While handy simply for ensuring complete models, this can be particularly useful for validation of IP delivered by a third party. Any reputable IP company will presumably validate its IP before delivering it, but if you are designing a system – particularly one that might be in a safety-related or military application – you want to make sure that the IP not only performs all of its functions correctly, but that it does nothing more than it’s supposed to do. Not that anyone would ever add superfluous code; worrying about something ridiculous like, oh, say, a flight simulator buried inside a spreadsheet program is the height of paranoia, but hey, some people are paid to worry about such things.
So, while implementations are validated by looking at the properties and testing the circuit, gaps are identified essentially by looking at the circuit and testing the properties. Let’s say you receive some IP from someone else into which was inadvertently inserted some malicious code. Presumably that code won’t be reflected in the model – straight verification may not reveal anything wrong, because the portion of the circuit implementing the model works. But gap identification will point out that there are some properties missing – specifically, the scenarios that engage the malicious code.
OK, so maybe it wasn’t malicious. But at the very least, you can improve the coverage of the model so that it is complete, and so that you end up with a one-to-one correspondence between your model and your implementation. They are then isomorphic. That model can be used as a golden reference for further validation down the line.
So who’s doing this?
Formal solutions are actually widely available; the Big 3, Cadence, Mentor, and Synopsys all have formal and ABV tools and flows. But small guys are entering the fray as well, relying on different characteristics for differentiation.
Jasper has placed focus on their particular approach to design tunneling, claiming patented superior heuristics. They also have emphasized what they call their “visualization flow,” which is the interactive mode of use for identifying bugs and exploring various scenarios. They have waveform inputs and outputs that assist in making what can otherwise appear rather obscure look more straightforward.

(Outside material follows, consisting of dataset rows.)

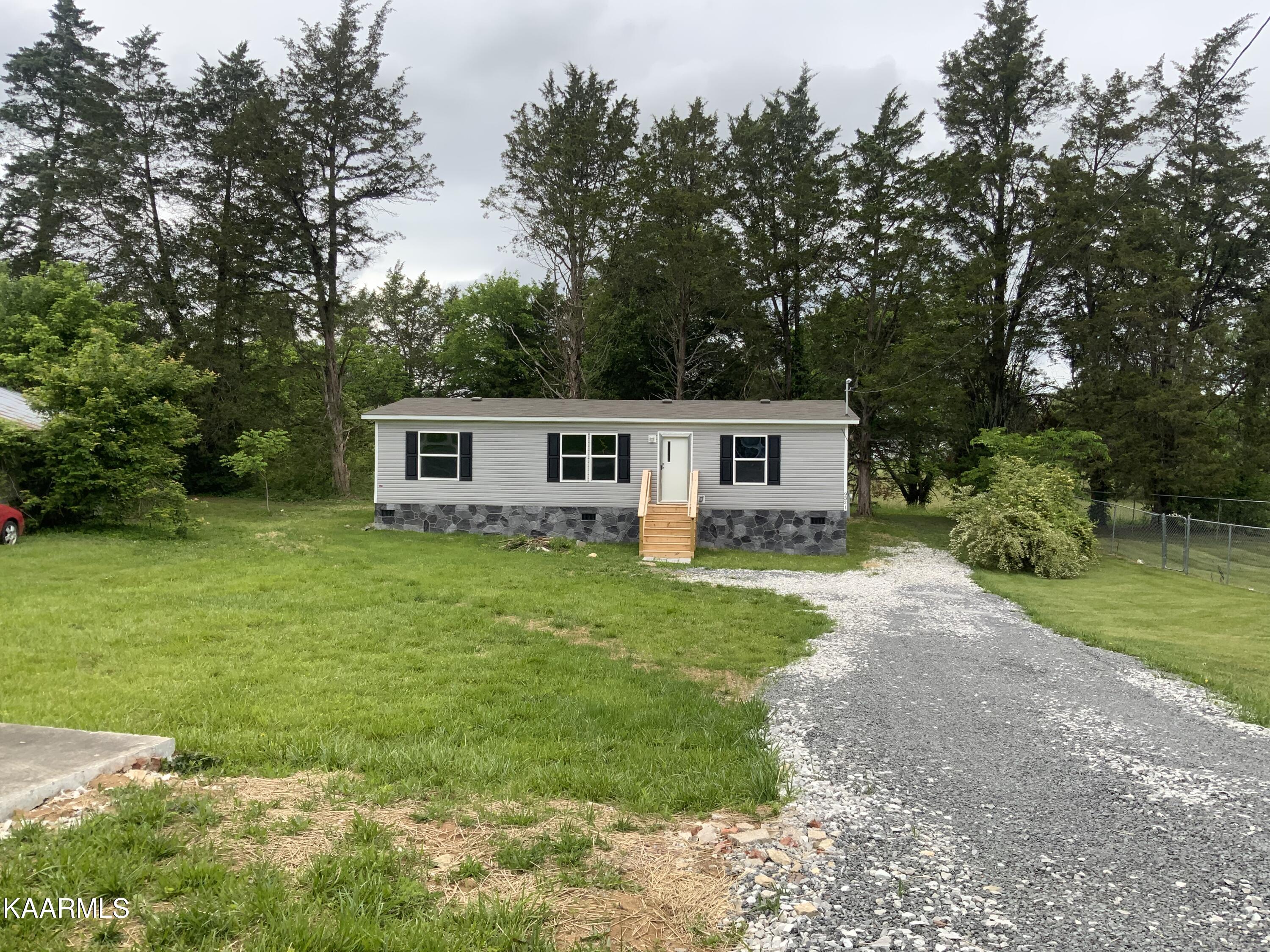 9321 East Emory Road Corryton, TN 37721 - Photo 2 of 27 CC2CAC7F-4529-4181-9B92-11AC478E17C1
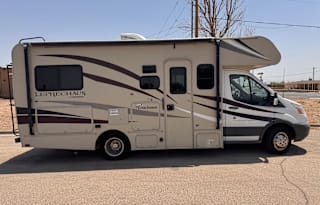 2018 Coachmen Leprechaun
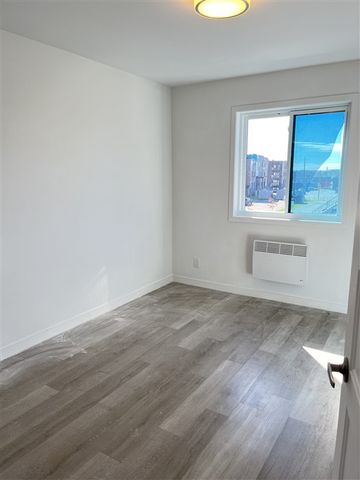 2318 rue des Prospecteurs, Carré Belvédère, Sherbrooke (vacant) - Photo 3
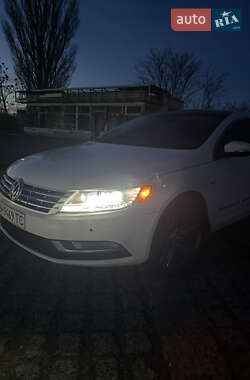 Купе Volkswagen CC / Passat CC 2012 в Білгороді-Дністровському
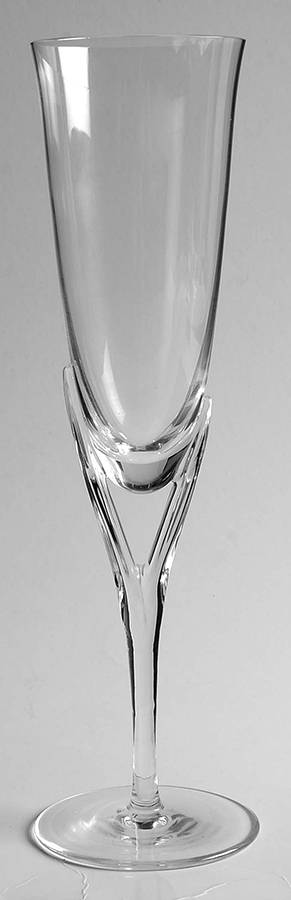 Capistrano Clear Fluted Champagne by Sasaki-1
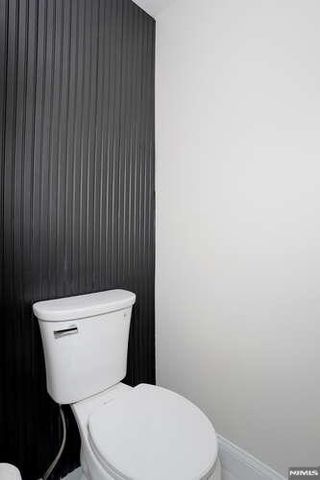 38 Chestnut Avenue, Bogota, NJ 07603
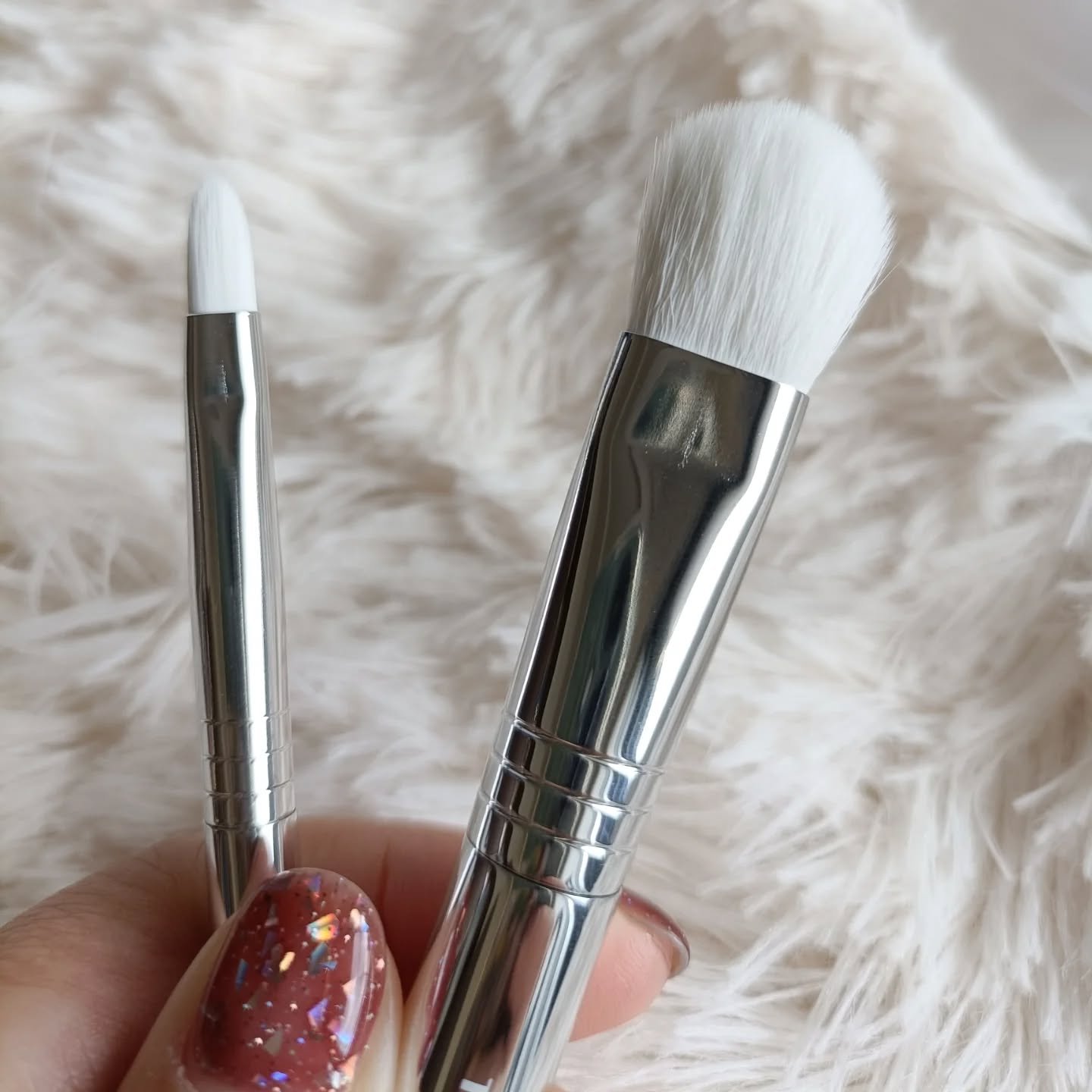 ストロビングフェイスキューブ/TWO SLASH FOUR/ハイライトを使ったクチコミ（2枚目）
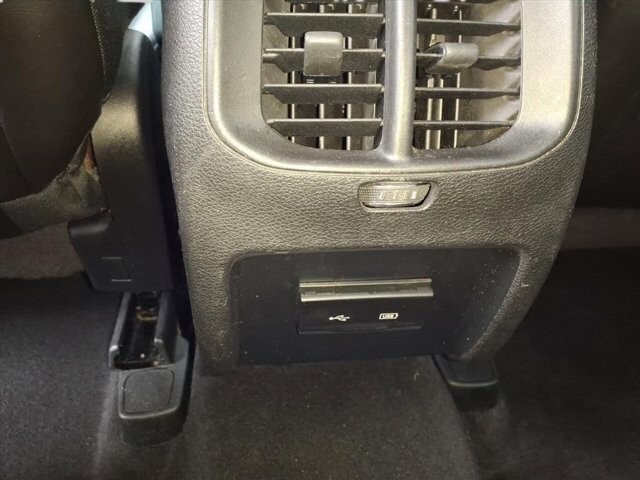 2019 Jeep Cherokee in Winchester, VA 22602 - 18063704 12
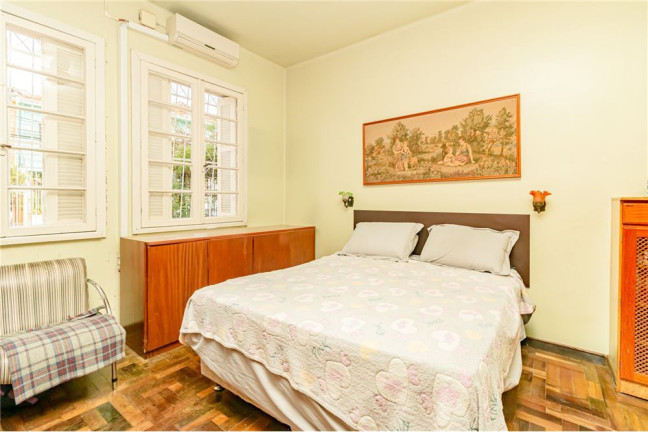 Imagem Casa com 3 Quartos à Venda, em Azenha - Porto Alegre Imagem Casa com 3 Quartos à Venda, em Azenha - Porto Alegre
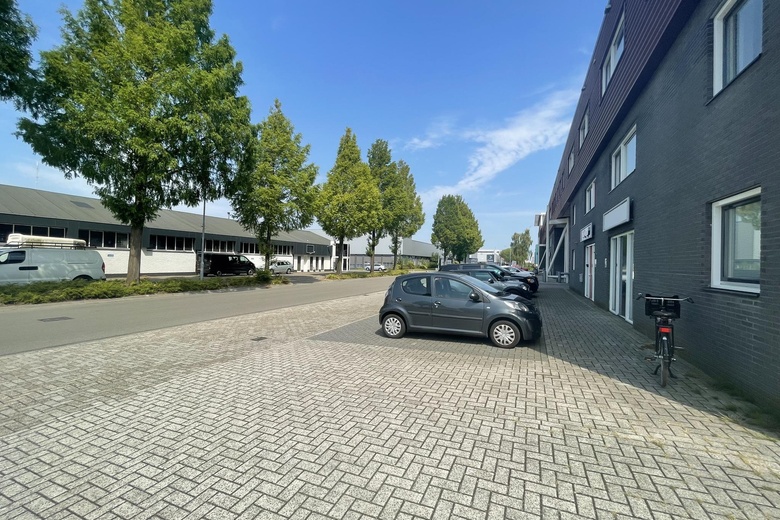 BedrijfsruimteaanIndustrieweg 18 2<br/> inHarderwijk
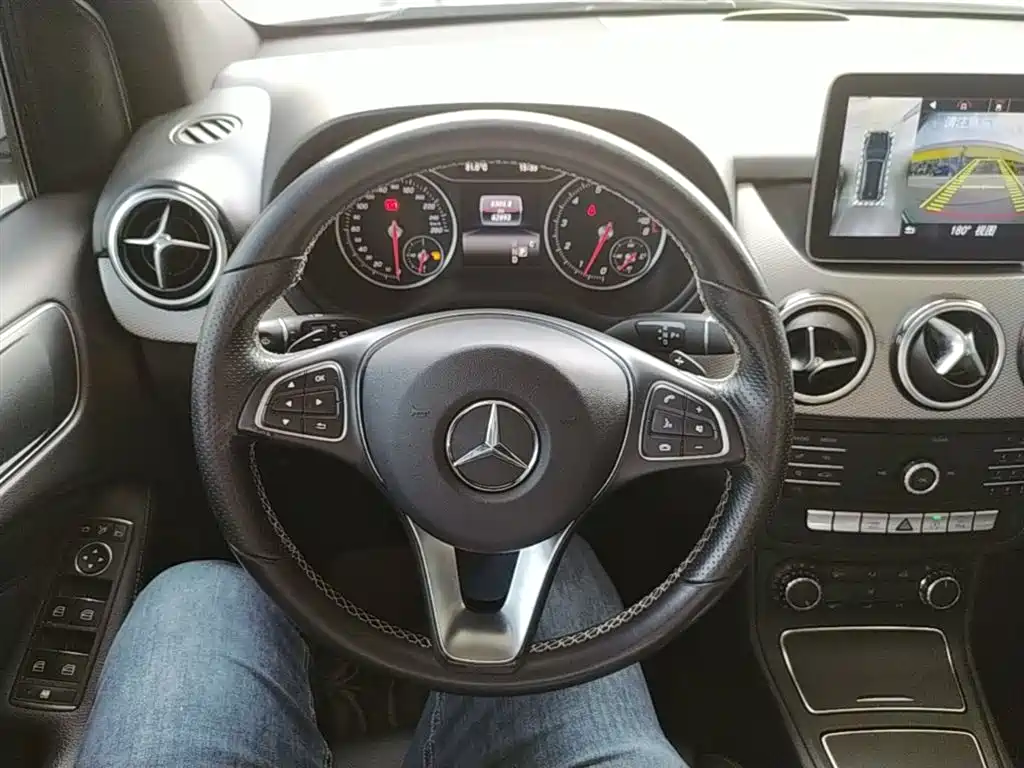 Mercedes-Benz B-Class 2019 — фото 11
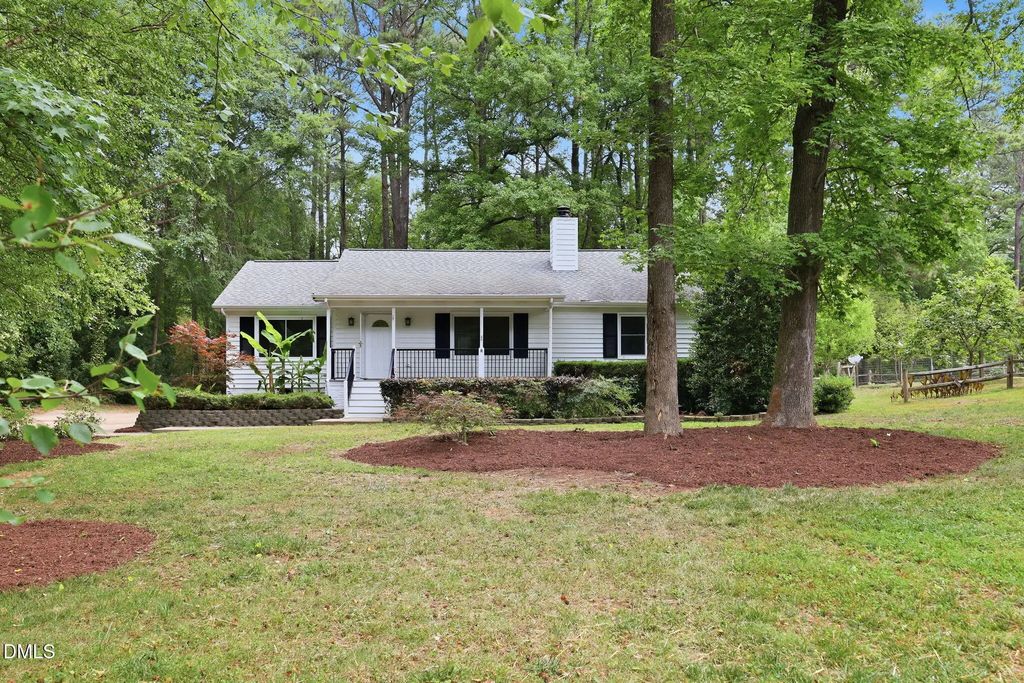 9812 Gralyn Road, Raleigh
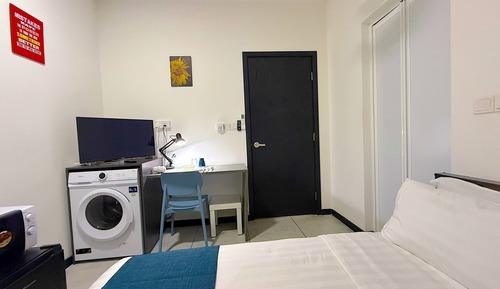 Junior Suite, 1 Queen Bed, Non Smoking, Private Bathroom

OneSpin has focused on the fact that they’re the only ones with the ability to identify the property gaps; they’ll validate your circuit, but they will also validate the model, providing what they call “gap-free” verification. They also reduce the design space and handle waveform inputs.
Another company, RealIntent, has a basic ABV solution, but they’ve also decided to use their technology for some more specific tools. They have a tool to validate clock boundary crossings, injecting metastability to ensure that it isn’t propagated. They have another tool for validating false-path and multi-cycle-path constraints. And they’ve also got something that appears to be a LINT tool on steroids. It’s a bug checker, but it uses formal technology to look for certain pre-defined desirable or undesirable properties, such as dead code, unreachable states, and bus contention.
Bottom line is that there are a number of formal solutions that are now being actively promoted, with dedicated engineering teams frantically trying to compete with each other. That’s good news, since this technology can ride that wave of enthusiasm to become more and more accessible and usable in SoC validation.